Mistral AI Sharpens the Edge Mistral AI unveils Ministral 3B and 8B models, outperforming rivals in small-scale AI

Published
Reading time
2 min read
Comparison table of pre-trained models like Mistral, Llama, and Gemma, showcasing performance across evaluation metrics.

Mistral AI launched two models that raise the bar for language models with 8 billion or fewer parameters, small enough to run on many edge devices.

What’s new: Ministral 3B and Ministral 8B, which come in base and instruction-tuned versions, outperform Google’s and Meta’s similar-sized models on several measures of knowledge retrieval, common-sense reasoning, and multilingual understanding. Ministral 8B-Instruct is free to download and use for noncommercial purposes, and commercial licenses are negotiable for this model and the others in the family. Accessed via Mistral’s APIs, Ministral 3B costs $0.04 per million tokens of input and output, and Ministral 8B costs $0.10 per million tokens of input and output.
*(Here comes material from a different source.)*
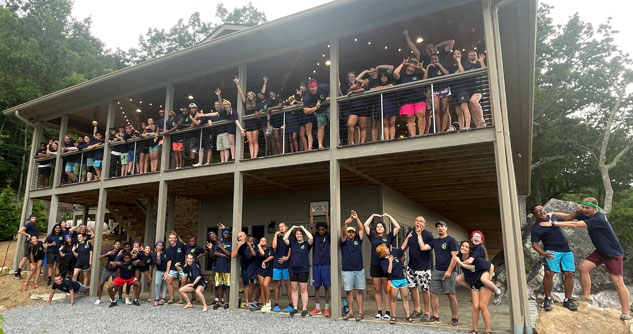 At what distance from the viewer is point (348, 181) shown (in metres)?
9.64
How it works: The Ministral family can process 131,072 tokens of input context. The models are built to support function calling natively to interact, for example, with external APIs that fetch real-time weather data or control smart-home devices.

  • Ministral 3B is sized for smaller devices like smartphones. In Mistral’s tests, it surpassed Gemma 2 2B and Llama 3.2 3B on MMLU, AGIEval, and TriviaQA (question answering and common-sense reasoning), GSM8K (math), HumanEval (coding), and multilingual tasks in French, German, and Spanish. Independent tests by Artificial Analysis show Ministral 3B behind Llama 3.2 3B on MMLU and MATH.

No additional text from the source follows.